IG Fußverkehr: Gehwegparken - Stadt hat kein wirksames Konzept
22.9.2017 Stellungnahme zur Informationsvorlage des Oberbürgermeisters
• Gehwege sind Verkehrsflächen für Fußgänger, Kinder mit Fahrrad oder Roller, Menschen mit Rollstuhl, Rollator oder Kinderwagen. Gehwege sind auch Aufenthalts- und Spielflächen und ihr Zustand beeinflusst stark die allgemeine Lebensqualität.
• Gehwege sind keine Parkplätze für PKW.
[Bild: UPI / Informationsvorlage im Anhang]
• Die Stadt möchte gegen zugeparkte Gehwege vorgehen, hat derzeit aber einerseits keinen Gesamtüberblick und kommt andererseits personell momentan nicht gegen Falschparker an.
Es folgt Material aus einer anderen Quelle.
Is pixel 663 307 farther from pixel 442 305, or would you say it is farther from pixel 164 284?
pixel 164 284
• Anwohner brauchen eine Planungsgrundlage für die mittelfristig zu erwartende Parksituation in ihrem Quartier und mehr Alternativen zum PKW.
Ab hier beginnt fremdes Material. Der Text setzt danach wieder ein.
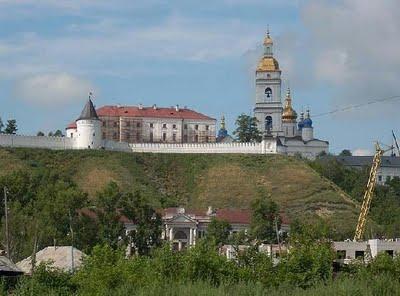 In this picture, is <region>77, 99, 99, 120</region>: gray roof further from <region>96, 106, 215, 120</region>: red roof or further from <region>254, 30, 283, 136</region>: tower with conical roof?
<region>254, 30, 283, 136</region>: tower with conical roof

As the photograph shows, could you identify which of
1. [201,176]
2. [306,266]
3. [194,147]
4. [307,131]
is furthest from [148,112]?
[306,266]

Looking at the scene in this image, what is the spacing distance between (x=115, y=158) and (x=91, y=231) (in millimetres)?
51391

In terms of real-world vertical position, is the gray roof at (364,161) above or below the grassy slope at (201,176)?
above

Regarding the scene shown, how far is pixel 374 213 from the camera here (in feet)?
440

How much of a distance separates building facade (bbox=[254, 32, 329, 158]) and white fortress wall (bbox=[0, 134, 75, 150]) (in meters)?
35.4

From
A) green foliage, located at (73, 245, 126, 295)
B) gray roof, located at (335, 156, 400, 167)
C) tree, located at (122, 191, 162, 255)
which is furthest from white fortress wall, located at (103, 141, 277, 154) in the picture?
green foliage, located at (73, 245, 126, 295)

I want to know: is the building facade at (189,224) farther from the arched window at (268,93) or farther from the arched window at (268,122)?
the arched window at (268,93)

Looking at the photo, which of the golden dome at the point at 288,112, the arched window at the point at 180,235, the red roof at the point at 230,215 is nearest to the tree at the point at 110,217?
the red roof at the point at 230,215

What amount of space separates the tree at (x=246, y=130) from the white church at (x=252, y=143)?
1788mm

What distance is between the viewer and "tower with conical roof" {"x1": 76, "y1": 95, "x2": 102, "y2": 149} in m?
149

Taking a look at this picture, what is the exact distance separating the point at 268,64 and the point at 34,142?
161ft

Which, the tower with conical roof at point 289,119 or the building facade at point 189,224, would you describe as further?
the tower with conical roof at point 289,119

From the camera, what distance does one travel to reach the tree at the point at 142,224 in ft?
321

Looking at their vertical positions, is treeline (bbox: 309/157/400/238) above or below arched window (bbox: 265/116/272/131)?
below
Die IG Fußverkehr fordert daher:
1. Eine Gesamtanalyse aller Gehwege der Stadt in Bezug auf legales und illegales Beparken durch PKW. Dies nicht nur unter dem Gesichtspunkt der Sicherheit von Kindern, sondern auch unter dem der Nutzbarkeit und der Aufenthaltsqualität, also insgesamt der urbanen Lebensqualität.
2. Aufstockung der Planungskapazitäten zur mittelfristige (5 Jahre) Beseitigung von Gehwegparken an allen Orten mit Restgehwegbreiten unter 2,50m.
3. Gesamtkonzepte für alle Quartiere der Stadt mit größeren Bereichen legal und illegal beparkter Gehwege in Bezug auf die Anzahl mittelfristig zur Verfügung stehender PKWParkplätze, als verlässliche Planungsgrundlage für Anwohner.
4. Massives Aufstocken des Gemeindevollzugsdienstes und flächendeckende regelmäßige Sanktionierung von illegalem Gehwegparken in allen Stadtteilen, inkl. Abschleppen von PKW bei Behinderung oder Gefährdung von Verkehrsteilnehmern.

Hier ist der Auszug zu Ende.